**Problem to solve**
Everything from the line holding "Brian O'Regan Email & Phone Number" through the last line of the data, and nothing else, should be retyped exactly, with no pictures.

(Given entries begins)

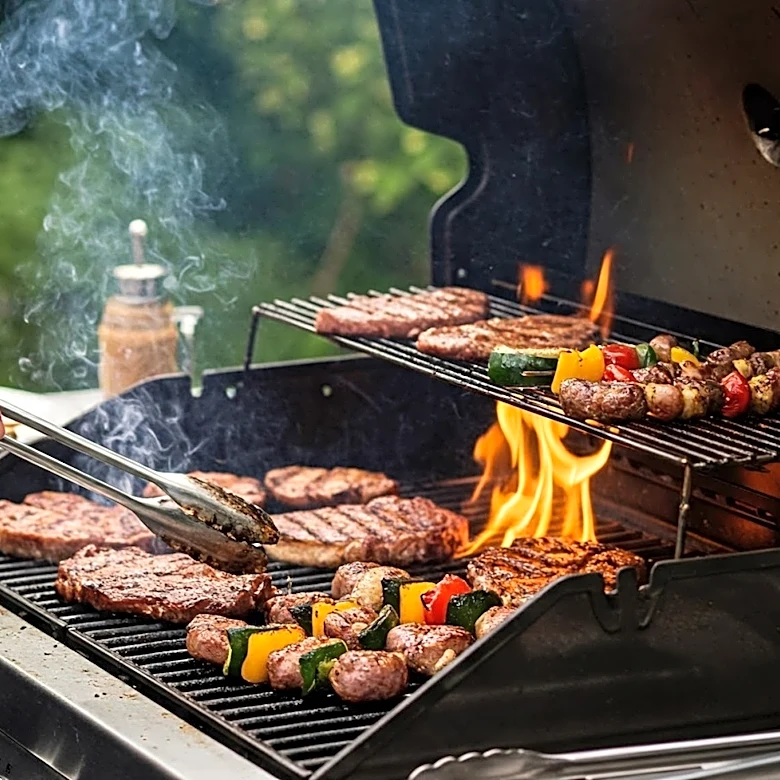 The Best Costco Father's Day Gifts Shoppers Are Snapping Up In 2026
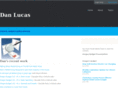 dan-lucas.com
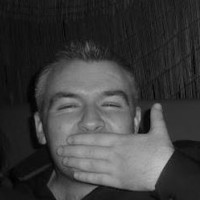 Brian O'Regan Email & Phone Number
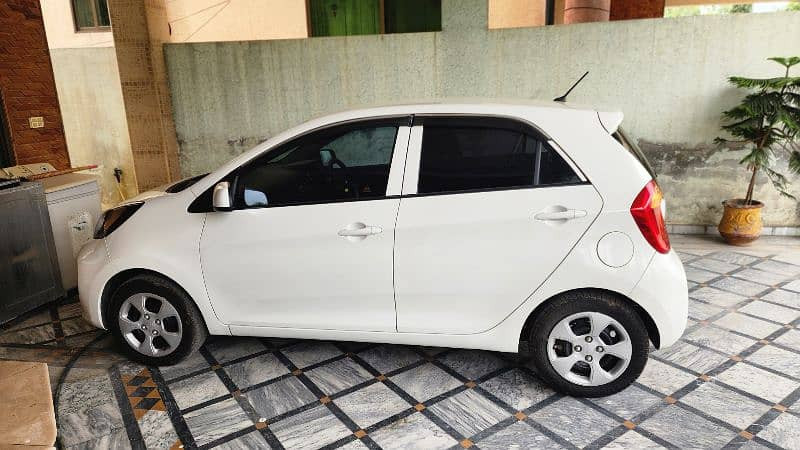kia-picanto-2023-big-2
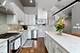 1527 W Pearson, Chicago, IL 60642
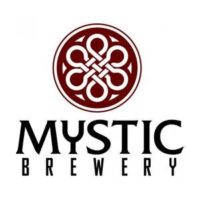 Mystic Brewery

(Given entries ends)

**Your solution**
 Brian O'Regan Email & Phone Number
kia-picanto-2023-big-2
 1527 W Pearson, Chicago, IL 60642
 Mystic Brewery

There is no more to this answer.